Skip to: Description  ·  Claims  · Patent History  ·  Patent History
Description
FIELD OF THE INVENTION

The present invention relates to the quantification of changes in the degree of order of cellular and viral membranes and to applications to diagnostic and drug screening. More specifically, the present invention is concerned with a method of diagnosis, follow-up of treatment, and of screening of drugs by detection and quantification of changes in the degree of order of the cellular and viral membranes by means of a fluorescent sensor and of an optical detection.

BACKGROUND OF THE INVENTION

Singer and Nicolson described for the first time the plasmic membrane as a fluid mosaic in 1972[4]. Later studies introduced the concept of lipid organization and order of the membrane defining specific zones in the plasmic membrane [3].

The fluidity and the state of order of the membrane depend on the nature and relative proportions of the constituents of the membrane (lipids, proteins, sugars), of its conformation (thickness of the lipid bilayer, incurvation) [5], of its relation with the cytoskeleton [6], of the extracellular environment (extracellular matrix [7], hemodynamic conditions) and consequently of cellular activity [8]. These parameters are also modifiable by variations in temperature and pressure [9, 10]. Numerous biological or pathological phenomena and effects of treatments have been shown to be related to modifications in the degree of membrane order [11, 12].

Lipidic ordered domains are also called membrane rafts or lipid microdomains. There are several categories of rafts [8, 13]. The study of rafts is rapidly growing in many fields of human pathology, for example in the following fields.
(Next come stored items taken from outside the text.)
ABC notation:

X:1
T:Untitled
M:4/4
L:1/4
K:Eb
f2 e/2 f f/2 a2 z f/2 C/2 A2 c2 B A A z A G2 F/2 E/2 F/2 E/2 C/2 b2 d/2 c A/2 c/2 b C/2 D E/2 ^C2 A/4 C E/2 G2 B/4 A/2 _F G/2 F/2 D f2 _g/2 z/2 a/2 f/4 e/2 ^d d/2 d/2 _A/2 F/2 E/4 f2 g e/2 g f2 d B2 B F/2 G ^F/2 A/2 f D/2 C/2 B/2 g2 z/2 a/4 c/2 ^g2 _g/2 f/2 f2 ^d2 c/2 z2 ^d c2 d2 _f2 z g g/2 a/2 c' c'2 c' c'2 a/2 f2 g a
In cardiology, in cardiomyocytes, lipid rafts are involved in the function of ionic channels [15] and in the signalling of G proteins [16]. Lipid rafts play an important role during platelet activation [12] and the coagulation involved in thrombus formation [17, 18] in in vitro or ex vivo studies. Inhibitors of the HMG-CoA reductase, also named statins, are hypothesized to modify the regulation of the rafts functions [19] by destabilizing the membrane of cells. [20, 21] These studies are still marginal and none analysed the membrane structure of cell samples from patients treated by a statin, certainly because of the complexity of and the time required to perform current techniques directed to study of membrane structure.
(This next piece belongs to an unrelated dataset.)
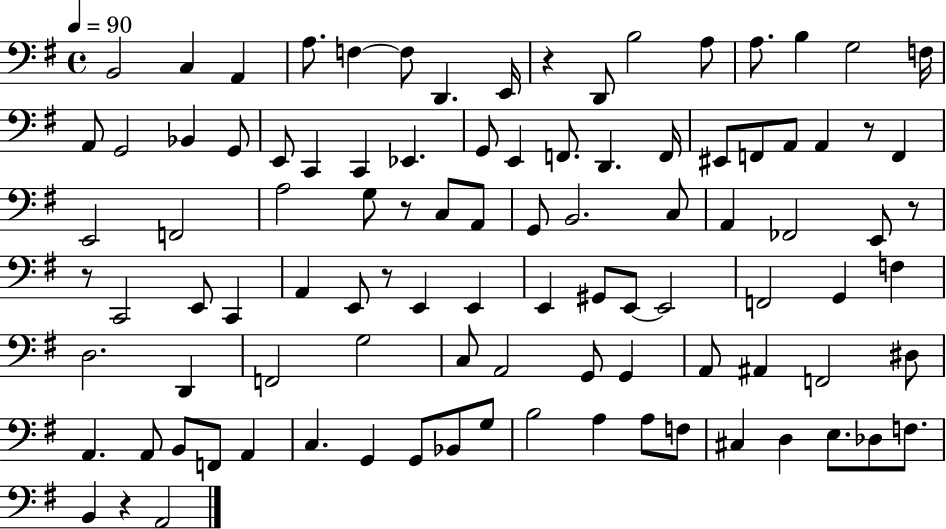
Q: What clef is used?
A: bass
In infectiology, lipid rafts were studied in the context of infection by the human immunodeficiency virus (HIV). Indeed the virus entry into CD4 lymphocytes during the cell infection is dependent on rafts, as well as the formation of the viral particles from the membrane of the cell host. [22] Lipid rafts are also involved for example in infections by Pseudomonas aeruginosa, which is the causal agent of a large portion of the opportunist and hospital-borne infections in immunodepressed patients. Indeed, treating infected patients with a drug destroying lipid rafts decreases the attachment of the bacterium in vitro, and also decreased the in vivo infections of mice by Pseudomonas aeruginosa. [22] Infection by prion proteins also involves these orderly structures. The bundling of PrPc proteins initiating intracellular signalling is indeed dependent on their localization in lipid rafts. [25, 26]

In immunology, lipid rafts have been shown to be involved in the modulation of the activity of T lymphocytes and the formation of immunological synapses. Statins have been shown to modulate the activity of T lymphocytes by a lipid rafts dependant mechanism in patients with systemic lupus erythematosus [30].

In cancerology, it was shown that the inhibition of squalene synthase, which is implied in the biosynthesis of the cholesterol located in lipid rafts, modulates the proliferation of cancer cells. [31]

In reproduction biology, several studies are suggesting that the composition of lipid rafts in the membrane of spermatozoids could modulate spermatozoid motility, spermatozoid capacity to penetrate into the pellucid zone and to interact with the ovule and, in a general way, the capacitation of the spermatozoid. [25, 32]

Current techniques used for the study of the ordered membrane structures are of two types: (1) isolation of fractions of membranes resistant to chemical detergent (Detergent Resistant Membrane or DRM), followed by a separation on a density gradient and biochemical analysis (example: electrophoresis and Western Blot), these DRMs being commonly considered to be lipid rafts; and (2) staining and visualization by optical or electronic microscopy of defined constituents (lipids, proteins, sugars) of rafts or non-raft fractions.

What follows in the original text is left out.